While perusing the sources on the Wikipedia page for the Kingdom of Fazughli, I saw some interesting things. If Fazughili really was founded by people from Alodia who left during its decline or after the Funj conquest, I wonder if some of the observations from 19th century travelers or ethnographers could be useful. For instance, Alfred Peney, who visited Fazughli in the 19th century, contrasted the Hamaj of the plains with the mountaineers. However, none of the area seems particularly Muslim or devout, since they ate pork and did not pray or fast for Ramadan. In terms of religion, they appear to have possessed animal cults with special ceremonies for elephants, cows, dogs and other species. Indeed, Peney described on specific ritual involving the king and a dog during the sowing season. This ceremony involved the sacrifice of the dog at the end. Yet, according to Peney and Pierre Tremaux, the Fazughli meks were descendants of Alwa.

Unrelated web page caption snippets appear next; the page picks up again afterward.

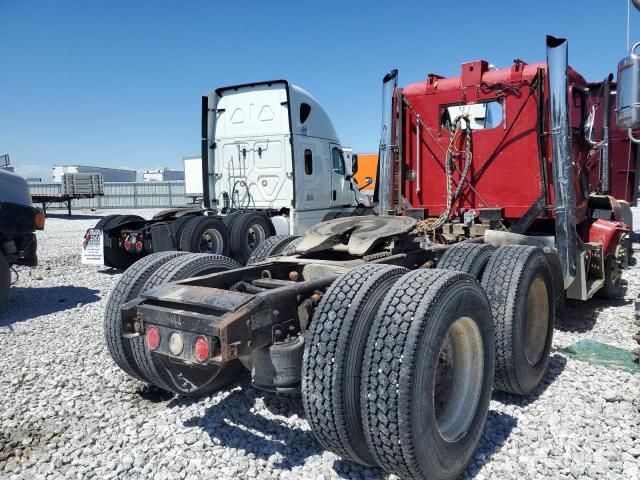 2000 Freightliner Conventional FLD120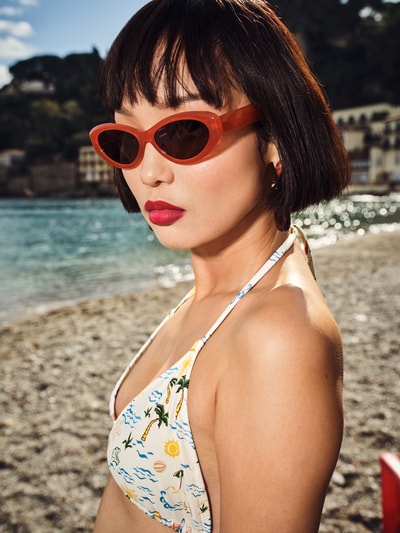 Modelka nosi Bikini-Oberteil mit Allover-Animal-Print von Jake*s Casual, elastyczna mieszanka materiałów, efekt trójkątny, wiązanie na szyi, zwierzęcy nadruk na całej powierzchni, stylizacje casualowe, zbliżenie na górną część ciała
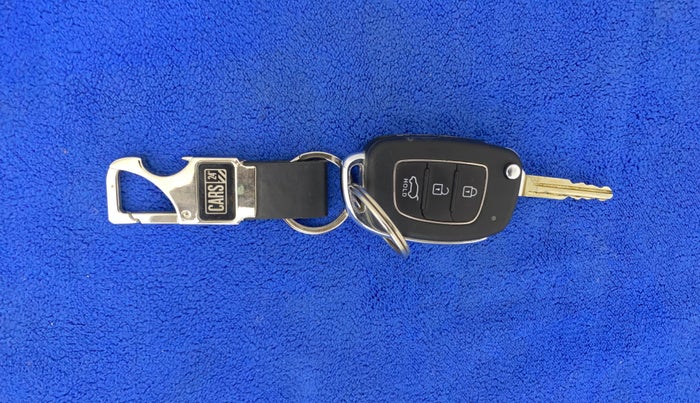 2020 Hyundai VENUE S 1.2, Petrol, Manual, 20,004 km, Key Close Up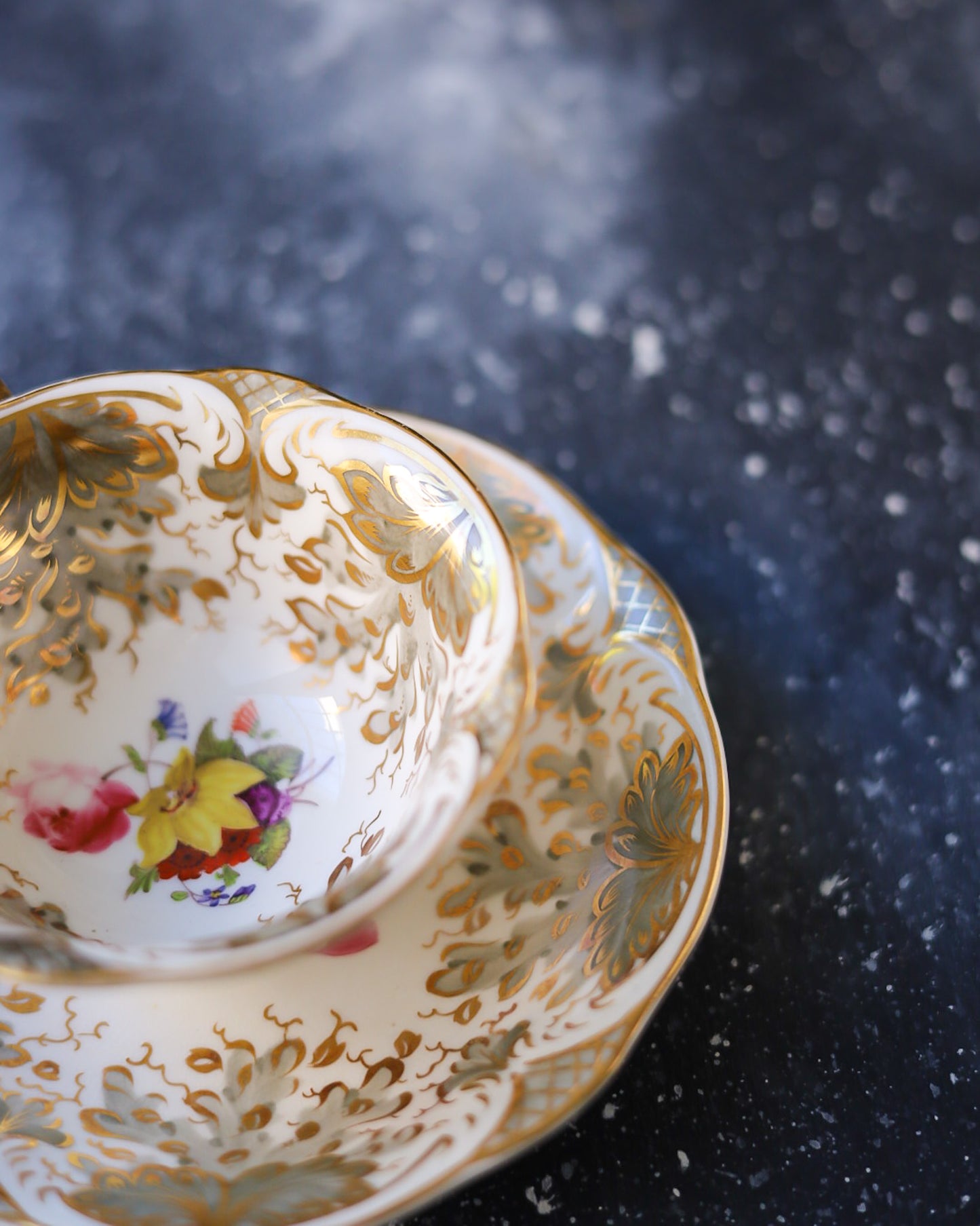 tazza antica primi 800 dipinta a mano decoro grigio e oro e bouquet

Spaulding and other scholars still believe that the Fazughli rulers were, at least initially, Christians. They even endeavored to receive Catholic priests from the Franciscans in Sennar and prior to that, had Ethiopian priests. Spaulding also cited Bruce for a reference to a Christian polity that survived until the late 1700s in the area, but the short list of kings written by Frédéric Cailliaud seems to indicate meks with Muslim names by the end of the 1600s. That makes sense and is in accord with the c.1685 date for Sennar's conquest of Fazughli. The rest of listed meks often had short reigns and some were killed by successors or came to power long after their fathers died.
To what extent can Fazughli really be seen as the successor of Alodia? Perhaps in its gold and the trade between Ethiopia and Nubia. If they traded gold for food and other goods from Sennar (and probably Alodia before the Funj Sultanate) also traded with Ethiopia (and hints of this can be seen in the Portuguese reports of Nubians who were once Christian and having much gold) then Fazughli probably played a similar role before the fall of Alodia. The Nubians who were the target of a planned campaign by the Bahr Negash, who were only 5-6 days travel away from his domains, were possibly Nubians living in the Fazughli region already in the early decades of the 1500s. These same Nubians may have also been the ones who requested priests from the Ethiopian emperor, as detailed in the narrative of Francisco Alvares. Nubian Christians were probably already living or trading with the Fazughli region for centuries and, once a group of them did establish a kingdom there, they were a minority who lacked the necessary clergy (and perhaps force) to spread Christianity. Thus, they relied on the Ethiopians, although Krump saw their priests as ineffective. By the end of the 17th century, the Funj conquered Fazughli by c.1685, making Christianity even less likely to persist. But that would have made little difference to most of the population, who became nominal Muslims or were never Christian to begin with.